Turbo and LDPC codes have nothing to do with spies or security. Quite the opposite: they are designed to preserve data rather than to hide it. They exist to fix an inevitable problem with communication. No communication channel is free of errors: analogue phone lines hiss with noise, radio reception is plagued with static and even the internet loses packets of information from time to time.
But for some applications, perfect fidelity is critical. In other cases it may be less important, but we have got used to it. When you download a photo or a music file over the internet, you expect it not to be corrupted.
Fortunately, perfect communication is possible even over a noisy line. The key is forward error correction – preparing for errors before they happen by adding redundancy to a message. A military commander does this when calling for “Bravo company” instead of “B company” over a staticky radio channel. It isn’t an affectation invented for war movies; there’s a practical reason. Background noise might make “B” sound a lot like “C”, but no one can confuse “Bravo” with “Charlie”.
Forward error correction works in a similar way. If you send a string of bits through a modem, noise in the phone lines could change the message, say from “1, 1, 0, 1” to “1, 0, 0, 1”. It’s like confusing “B” with “C”. The solution is to add redundant information, like the extra syllables in “Bravo” and “Charlie”. In digital communication, this could be achieved by sending each bit many times over, so that a moderate amount of noise will leave the message clear.

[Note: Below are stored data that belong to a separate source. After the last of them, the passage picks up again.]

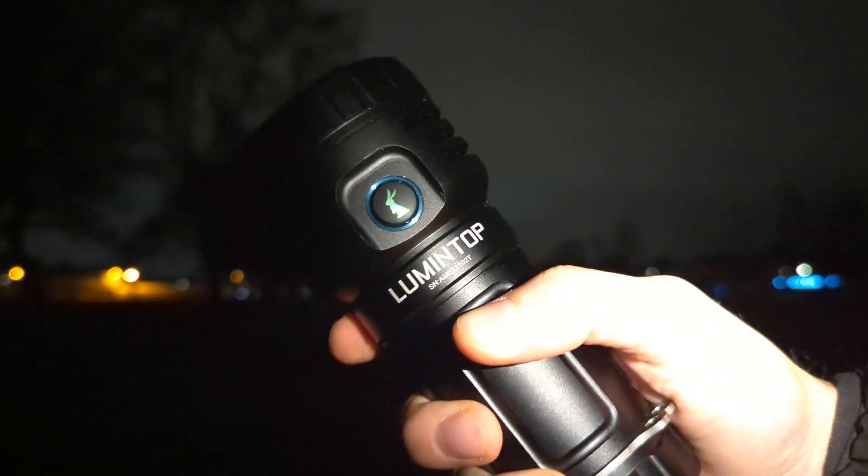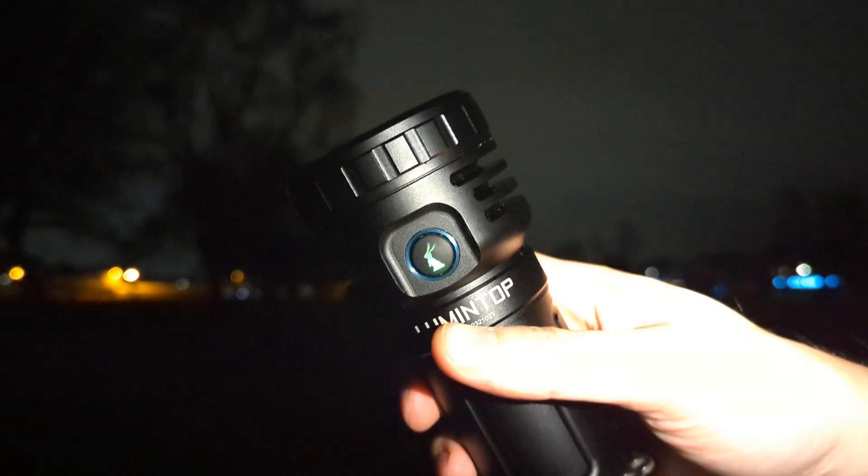This is the Lumintop Thor Pro. I'm going to go through the modes quickly. This is on the LED mode. Hold for moon — that's one or two lumens.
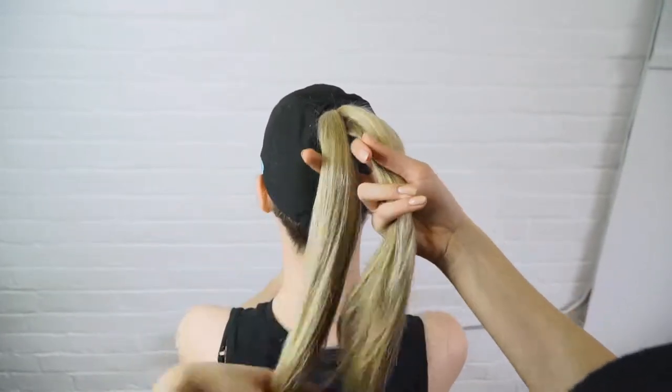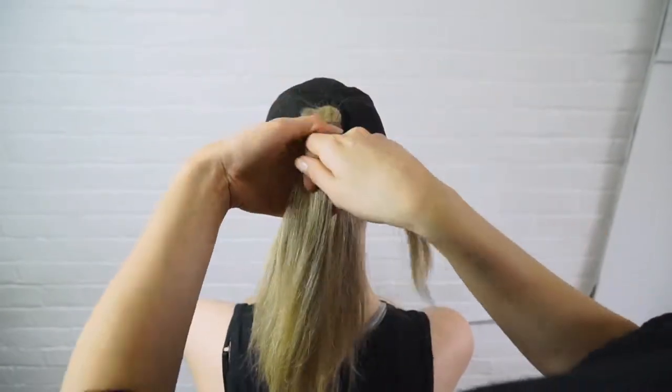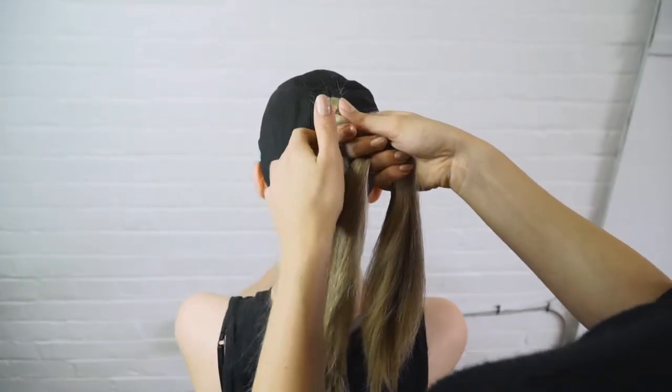Super simple — break up hair into two parts, take a section from one side and put it over to the other side. Repeat from each side until you reach the end of your braid.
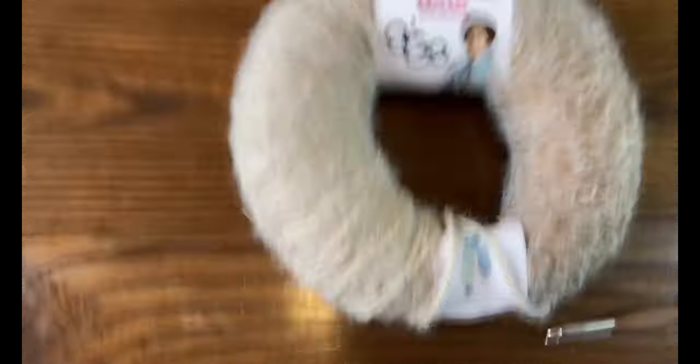Thank you for watching — I hope you make the Grateful Blanket and love it. If you have any questions, please leave a comment. Happy crocheting!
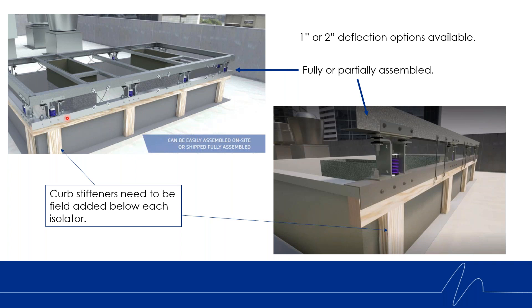Obviously shipping can get expensive, and the bigger the unit, sometimes you can't ship a fully assembled rail system. So we do offer a partially assembled option. Here's an example of one of the rails going on the factory curb. The rails come fully assembled with all components, and then you mount each rail on the factory curb before attaching each rail to the others at the corners.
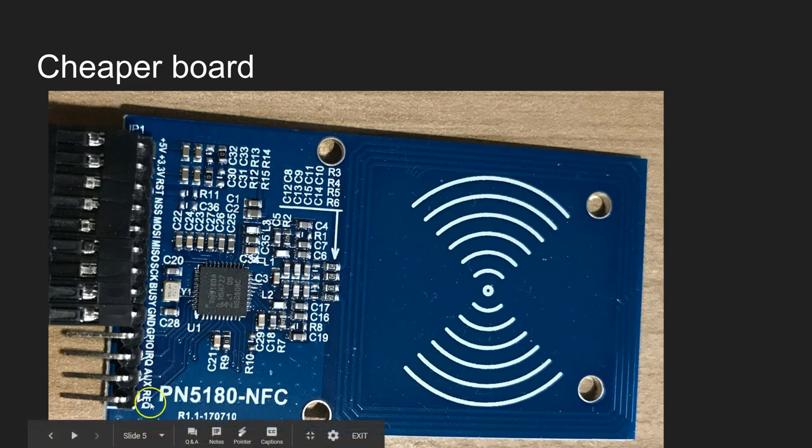These are some of the standard pins you will have already seen if you have worked with RC522. This connection is made using SPI, so obviously you will come across all the SPI connections like MISO, MOSI, SCK, NSS, RST, and there is also a BZ line. Some of these additional lines are there, but we are not going to use them in this video series.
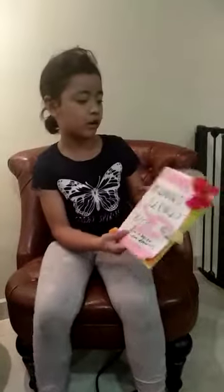Hey guys, welcome to Riala.com. Today I'm going to show you how to make this book. It's a secret book, and it's for my mom.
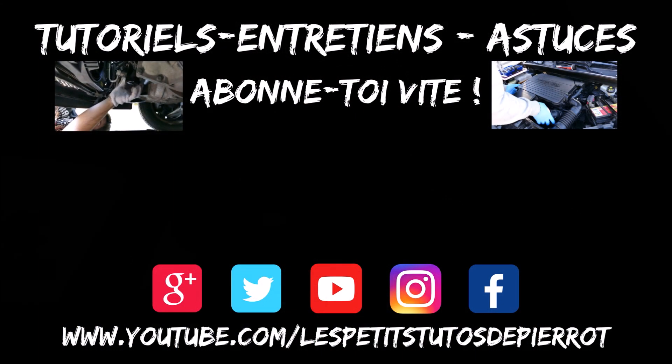Voilà les amis, c'est fini pour l'épisode d'aujourd'hui. Je vous ai montré comment localiser le capteur CMP — c'est le capteur arbre à cames, à ne pas confondre avec le capteur PMH. Je vous ai montré comment le localiser, le nettoyer, le tester et le remettre. J'espère que cette vidéo va vous servir. À la prochaine pour de nouvelles vidéos — ciao !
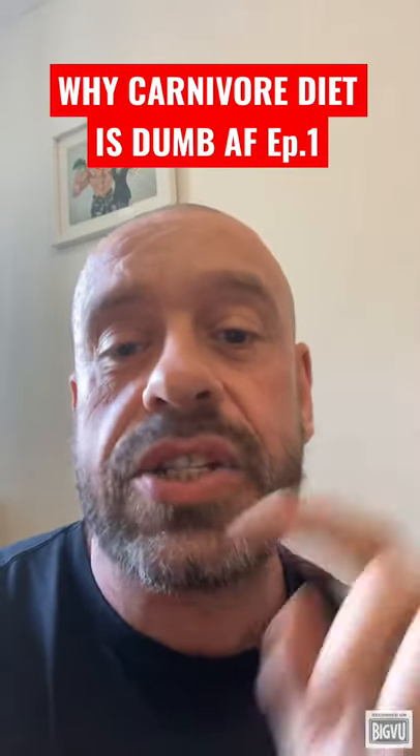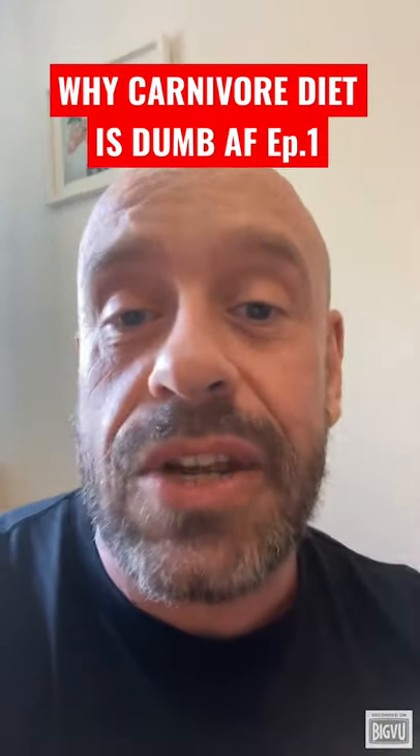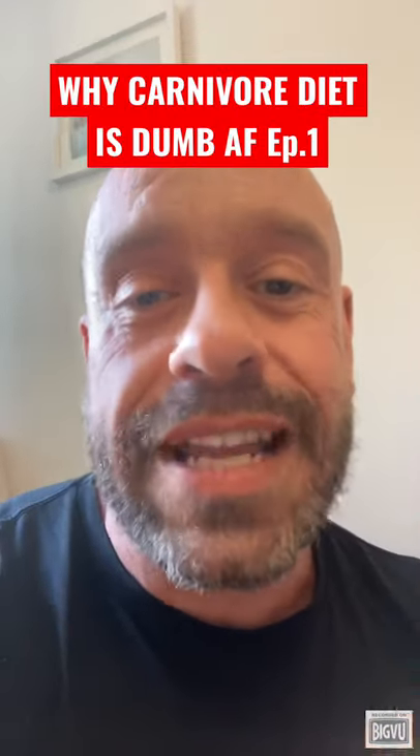Biologically, physiologically, psychologically, and biochemically, we are best suited to eating a vegan diet. Follow me to find out how to do it healthfully.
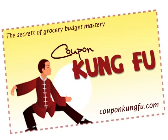Hey there, this is Kelly from CouponKungFu.com. I just thought I'd record a quick video explaining how I set up my coupon binder. As I've said before, binders are my preferred method for organizing coupons.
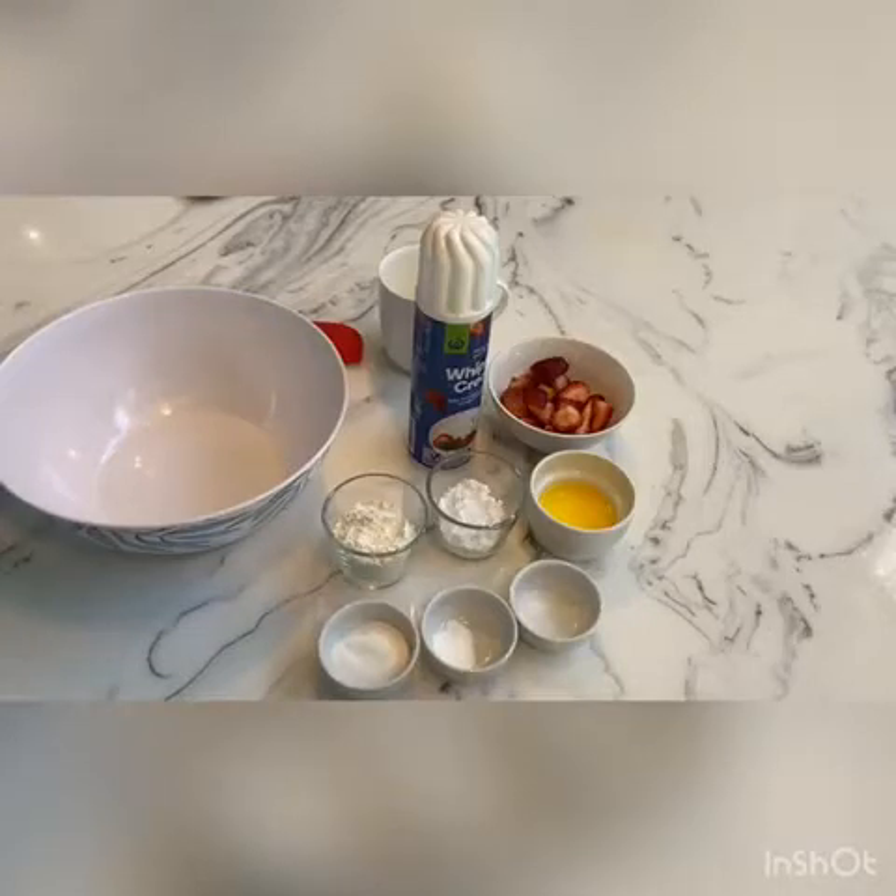Hey guys, welcome back to my channel. Today I'm showing you guys how to make a really simple and delicious strawberry cobbler, which only takes 90 seconds in the microwave — so it is super easy.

But there are more efficient means than that.
For instance, you might group the string into blocks of four bits and add four “check digits” that are related to the four information bits by four different mathematical formulae. The whole set of eight bits forms a code “word”. If the receiver can find the set among a list of valid code words, it will assume that the message came through cleanly. If it receives an invalid word, it can substitute the nearest valid word. The first to realise the power of this method was Claude Shannon, an engineer at Bell Labs in New Jersey, who established modern information theory in a 1948 paper.
But there is a price to pay for perfection. Shannon also showed that there are two factors controlling the speed at which you can transmit data. One is the bandwidth of your channel. The other is the signal-to-noise ratio. The more noise, the more check digits you must add to each code word to make it understood. Instead of saying “Bravo” and “Charlie”, you might have to say “Bravissimo” and “Charlemagne”. And the more check digits you are transmitting, the less actual information you can send per second.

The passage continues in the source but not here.